Donnerstag, 21. Oktober 2010

Spuren im Schnee II

Monoton und hypnotisch wummern die Bässe durch meine Eingeweide und hinterlassen ein immer stärker werdendes unzufriedenes Zittern. Ich verlasse die Tanzfläche auf wackeligen Beinen in Richtung Ausgang. Beim Aufstoßen der Tür schlägt mir klirrende Kälte ins Gesicht, krabbelt kurz darauf durch mein schweißnasses Shirt und lässt mich direkt neben der rostigen Stahltür erstarren. Dicke Schneeflocken fallen vom Himmel; "Wie die Asche verbrannter Engelsflügel", schießt mir durch den Kopf, "nach der letzten Schlacht um das Himmelreich."
Ich zünde mir die letzte Zigarette, die ich in dem zerknüllten Softpack finde, an (wie passend) und laufe los, schreibe eine frische Spur in die ansonsten makellose Schneedecke. Irgendwo in der Ferne höre ich ein paar Betrunkene grölen, an einer Straßenecke stehen ein Männlein und ein Weiblein eng umschlungen im Schneegestöber. Ich schlage den Weg in die Felder ein, dorthin wo niemand sonst ist und setze mich schließlich auf die Lehne einer eingeschneiten Bank, sehe auf die Felder und die schwach beleuchteten Straßen hinab und warte auf das für kurz nach zwei Uhr vorhergesagte Ende der Welt.

Freitag, 1. Oktober 2010

Un-Ich

Ich sitze also hier herum, lasse das neue Album von den Chemical Brothers laufen, danach Londinium von Archive, und schaue der Zeit beim Vorbeifliegen zu, greife nach einzelnen Sekunden, halte sie in meinen Händen gefangen weil ich glaube dass sie etwas bedeuten, betrachte sie ganz genau, von jeder Seite und lasse sie dann wieder frei. Sich in irgendwas zu verlieren ist so einfach, das Wiederfinden ist es, das schwer fällt. Konzentration ist ein wertvolles Gut, aber schnell getauscht für Träumerei, für das Gefühl des Fliegens zwischen tausend Stimmen und Stille, zwischen Sonne, Mond und Sternen.

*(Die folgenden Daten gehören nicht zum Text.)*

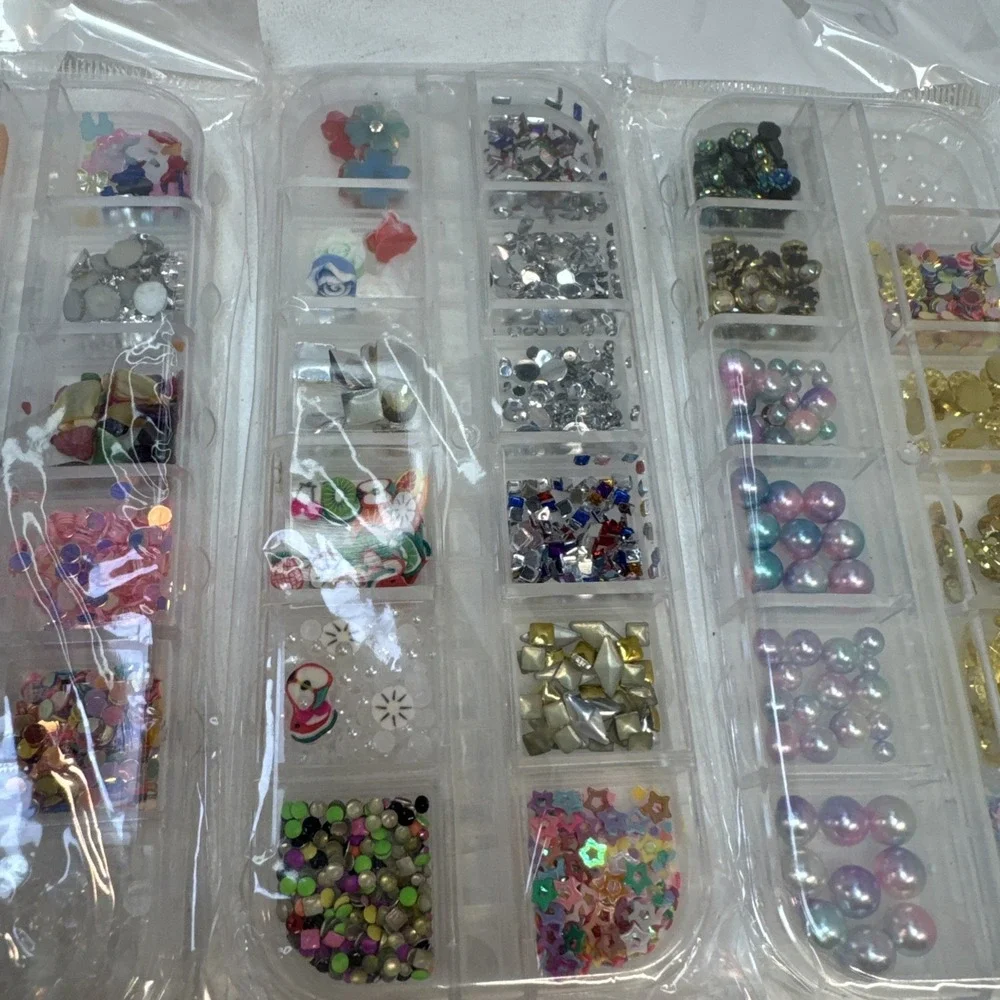 Lot Of 24 Nail Art Supplies Rhinestone Gems Glitter Pearls Studs & Nail Dremmel‎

Nichts erreicht, nichts geschafft, nichts versucht, nur geträumt. Pfui! Schäm dich!
Ich genieße die sanften Vibrationen der warmen Holzplatte unter meinen Handgelenken. Nur ein bisschen mehr. Ein bisschen länger, nicht mehr lang. Drehe am Volume-Knopf, mehr Bass, mehr Vibration, mehr Träumerei, mehr Hypnose, ein klitzekleines Stück Tod. Wieder versuche ich mich zu konzentrieren. Zieh am Seil! Die Reißleine reißt, der Wind reißt an mir, nur einen Augenblick, dann bin ich schwerelos. Unter dem Himmel herrscht Nebel, hängt drohend über Bergen, Tälern, Wäldern, Seelen, macht alles grau und kalt. Klarheit: Unklar. Wissen: Unwissen. Menschen: Unmenschen. Ich: Un-Ich.

Antiquität: Der Narr

nur ein narr,
nur eine illusion,
eine täuschung
ohne weitere funktion

nur ein versuch
doch keine illusion,
keine täuschung
...

nur ein narr,
eine illusion
doch keine täuschung
denn er ist real...

gut oder schlecht
oder nur ein narr?
gut oder unrecht?
wirklich echt?

nur echt in der zeit
nicht im raum...
im traum?
der narr...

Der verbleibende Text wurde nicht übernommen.